MATERIAL FOR THIS EXERCISE:

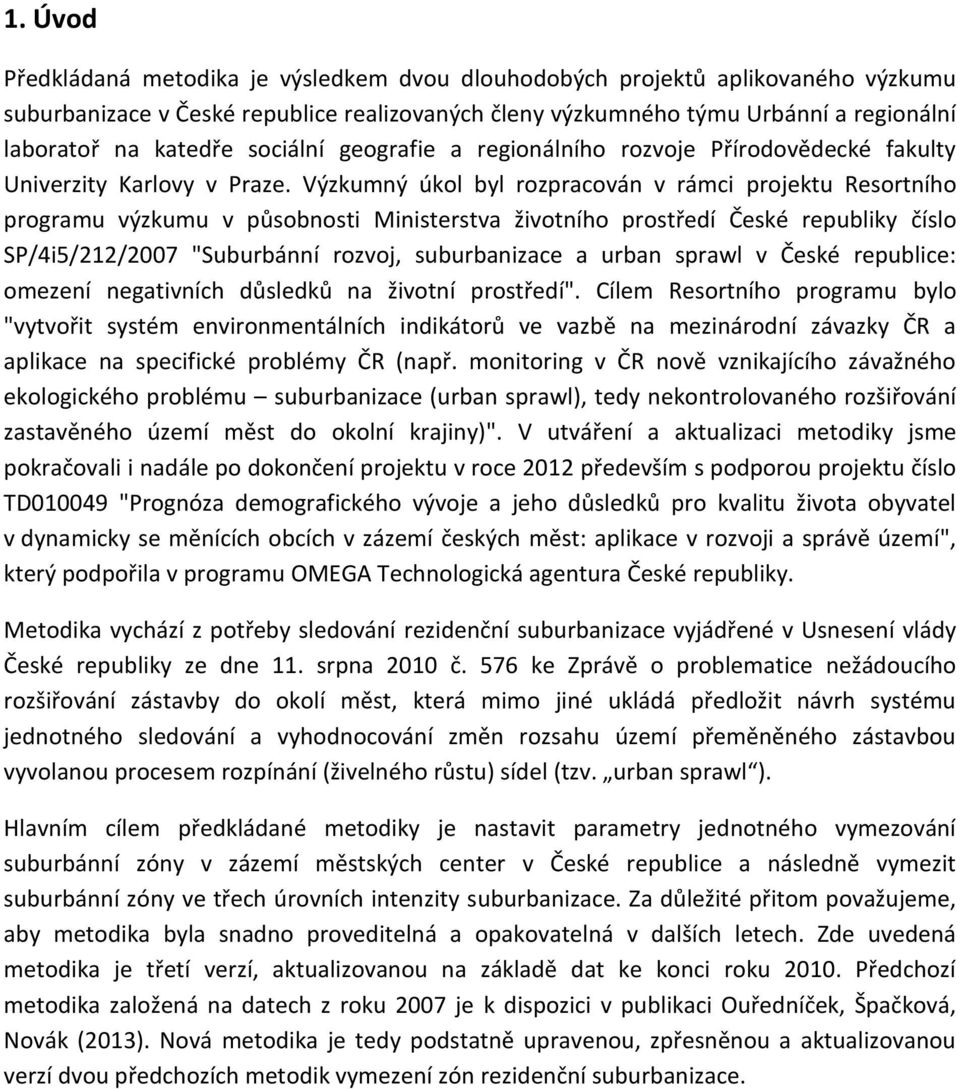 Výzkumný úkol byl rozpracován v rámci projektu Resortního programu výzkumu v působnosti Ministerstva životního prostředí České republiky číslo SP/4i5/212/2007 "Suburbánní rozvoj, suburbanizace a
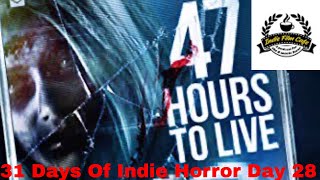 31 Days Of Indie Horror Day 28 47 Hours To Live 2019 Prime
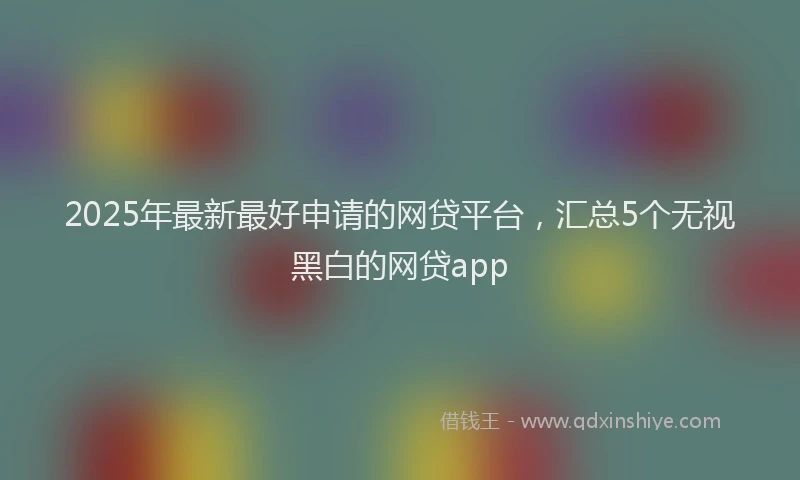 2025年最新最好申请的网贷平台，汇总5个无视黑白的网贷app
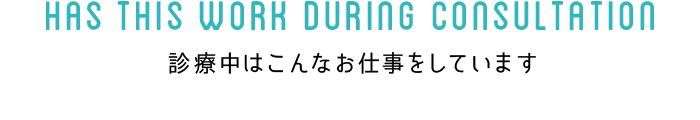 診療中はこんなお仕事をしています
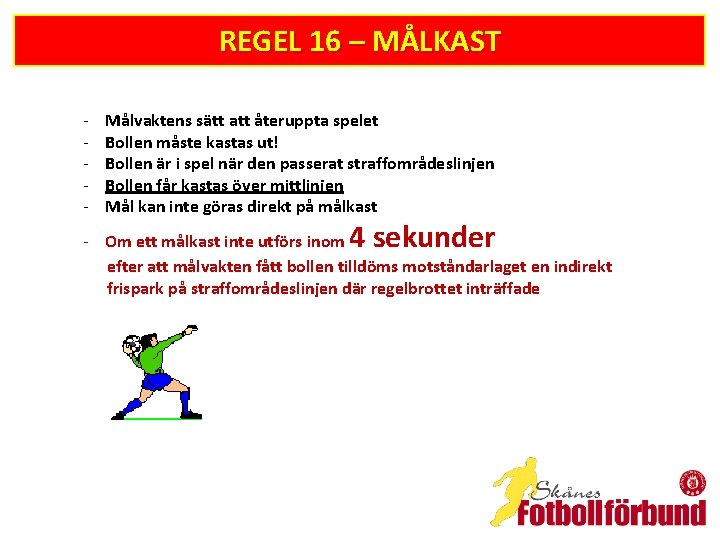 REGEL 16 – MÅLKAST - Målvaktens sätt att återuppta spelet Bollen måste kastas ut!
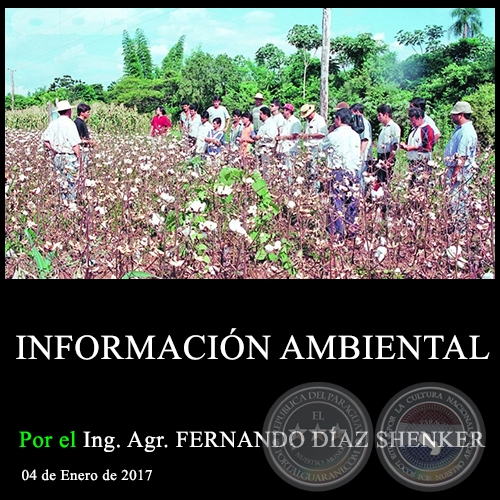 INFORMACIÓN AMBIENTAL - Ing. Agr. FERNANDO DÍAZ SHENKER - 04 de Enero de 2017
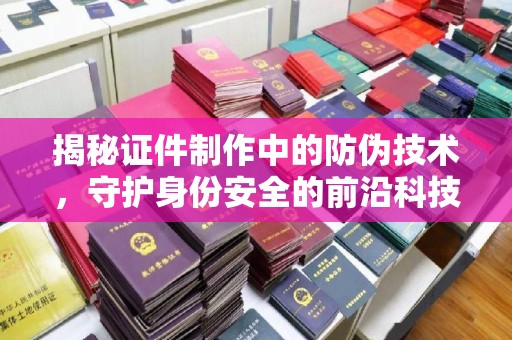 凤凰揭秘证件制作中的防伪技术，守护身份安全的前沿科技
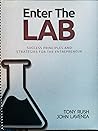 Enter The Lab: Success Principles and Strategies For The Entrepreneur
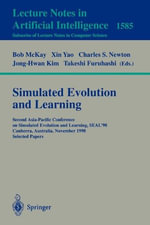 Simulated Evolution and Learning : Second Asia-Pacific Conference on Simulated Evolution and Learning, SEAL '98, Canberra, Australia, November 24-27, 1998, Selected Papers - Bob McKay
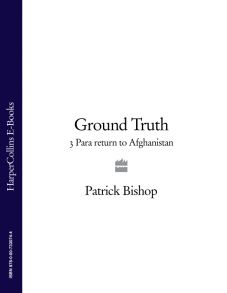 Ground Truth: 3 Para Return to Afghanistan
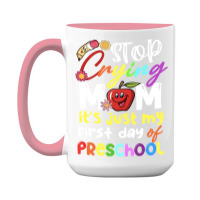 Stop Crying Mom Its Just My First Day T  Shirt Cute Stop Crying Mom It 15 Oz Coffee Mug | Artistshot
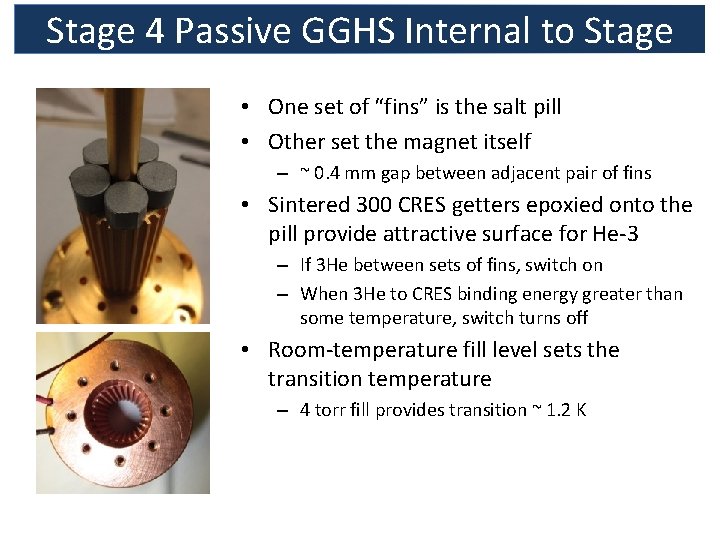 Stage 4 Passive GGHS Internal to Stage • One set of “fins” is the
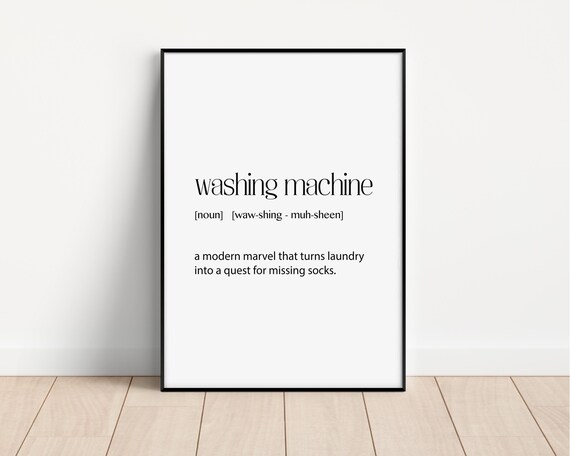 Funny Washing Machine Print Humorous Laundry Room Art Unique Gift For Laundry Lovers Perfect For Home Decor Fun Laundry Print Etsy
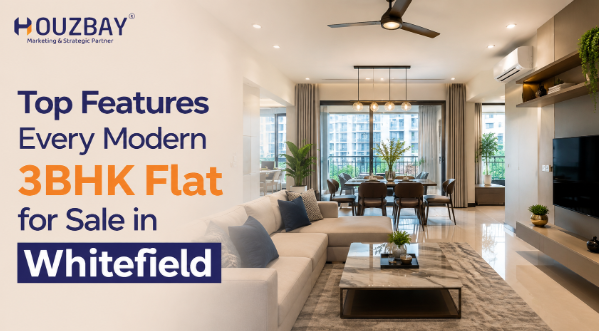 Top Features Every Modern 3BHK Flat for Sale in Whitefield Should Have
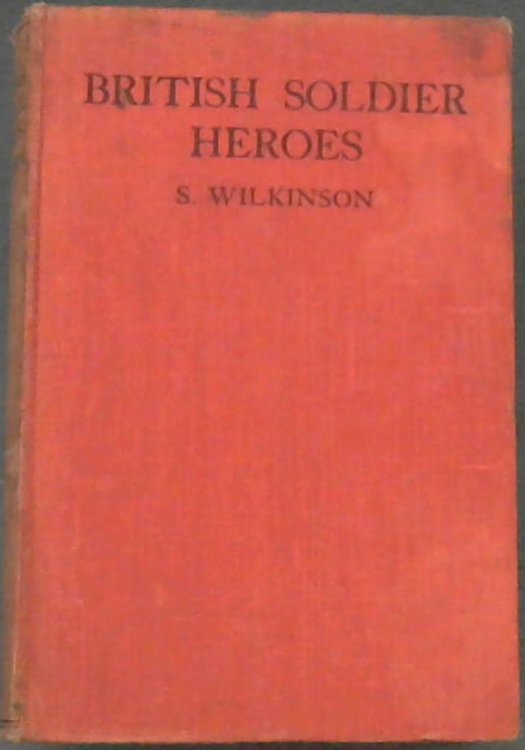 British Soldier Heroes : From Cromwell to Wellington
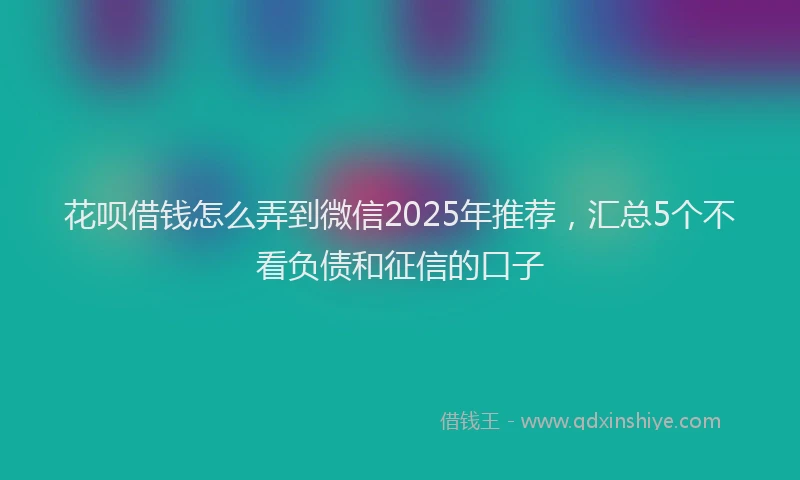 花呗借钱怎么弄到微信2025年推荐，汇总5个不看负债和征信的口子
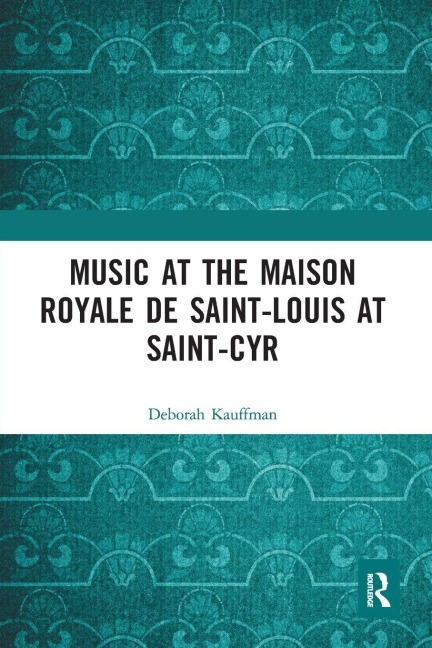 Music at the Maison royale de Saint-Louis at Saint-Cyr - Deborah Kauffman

TASK DESCRIPTION:
Please set down the lines from the one with "Funny Washing Machine" to the end of the entries above, exactly as they are, and drop every picture.

RESPONSE TO THE EXERCISE:
 Funny Washing Machine Print Humorous Laundry Room Art Unique Gift For Laundry Lovers Perfect For Home Decor Fun Laundry Print Etsy
 Top Features Every Modern 3BHK Flat for Sale in Whitefield Should Have
 British Soldier Heroes : From Cromwell to Wellington
 花呗借钱怎么弄到微信2025年推荐，汇总5个不看负债和征信的口子
 Music at the Maison royale de Saint-Louis at Saint-Cyr - Deborah Kauffman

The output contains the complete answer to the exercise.